** Opening EXERCISE MATERIALS block **

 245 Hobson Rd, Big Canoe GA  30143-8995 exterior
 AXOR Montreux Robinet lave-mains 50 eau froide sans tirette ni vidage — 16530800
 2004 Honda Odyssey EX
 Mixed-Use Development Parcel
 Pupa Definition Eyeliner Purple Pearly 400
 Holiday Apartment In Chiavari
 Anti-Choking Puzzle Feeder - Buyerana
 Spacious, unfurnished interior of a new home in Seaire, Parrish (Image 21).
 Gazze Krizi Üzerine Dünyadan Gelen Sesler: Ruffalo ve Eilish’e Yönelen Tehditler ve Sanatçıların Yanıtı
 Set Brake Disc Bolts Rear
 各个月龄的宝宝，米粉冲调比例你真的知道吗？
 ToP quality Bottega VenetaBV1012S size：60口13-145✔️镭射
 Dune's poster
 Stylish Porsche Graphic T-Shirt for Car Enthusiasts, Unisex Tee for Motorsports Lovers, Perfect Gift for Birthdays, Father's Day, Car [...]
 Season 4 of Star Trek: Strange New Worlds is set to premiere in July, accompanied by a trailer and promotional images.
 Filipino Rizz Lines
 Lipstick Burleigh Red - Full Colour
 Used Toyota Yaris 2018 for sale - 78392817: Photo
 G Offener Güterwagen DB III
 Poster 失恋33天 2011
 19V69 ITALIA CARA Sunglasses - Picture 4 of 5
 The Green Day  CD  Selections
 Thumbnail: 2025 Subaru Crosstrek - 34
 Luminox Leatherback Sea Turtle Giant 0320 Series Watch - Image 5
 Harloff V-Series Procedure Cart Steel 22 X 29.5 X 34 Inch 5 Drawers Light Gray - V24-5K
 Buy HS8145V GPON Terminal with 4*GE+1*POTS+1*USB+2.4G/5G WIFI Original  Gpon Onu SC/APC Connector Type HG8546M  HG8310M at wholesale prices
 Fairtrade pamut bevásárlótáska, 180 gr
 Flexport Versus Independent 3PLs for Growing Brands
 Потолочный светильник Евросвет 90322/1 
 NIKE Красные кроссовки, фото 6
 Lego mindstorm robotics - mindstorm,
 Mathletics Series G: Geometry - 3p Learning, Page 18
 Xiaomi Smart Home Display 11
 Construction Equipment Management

** Closing EXERCISE MATERIALS block **

→ **TASK ITEM**: From the entries above, restate word for word the lines from the line containing "2004 Honda Odyssey EX" to the line containing "各个月龄的宝宝，米粉冲调比例你真的知道吗？", both ends included, and nothing more.

→ **COMPLETED EXERCISE**:
 2004 Honda Odyssey EX
 Mixed-Use Development Parcel
 Pupa Definition Eyeliner Purple Pearly 400
 Holiday Apartment In Chiavari
 Anti-Choking Puzzle Feeder - Buyerana
 Spacious, unfurnished interior of a new home in Seaire, Parrish (Image 21).
 Gazze Krizi Üzerine Dünyadan Gelen Sesler: Ruffalo ve Eilish’e Yönelen Tehditler ve Sanatçıların Yanıtı
 Set Brake Disc Bolts Rear
 各个月龄的宝宝，米粉冲调比例你真的知道吗？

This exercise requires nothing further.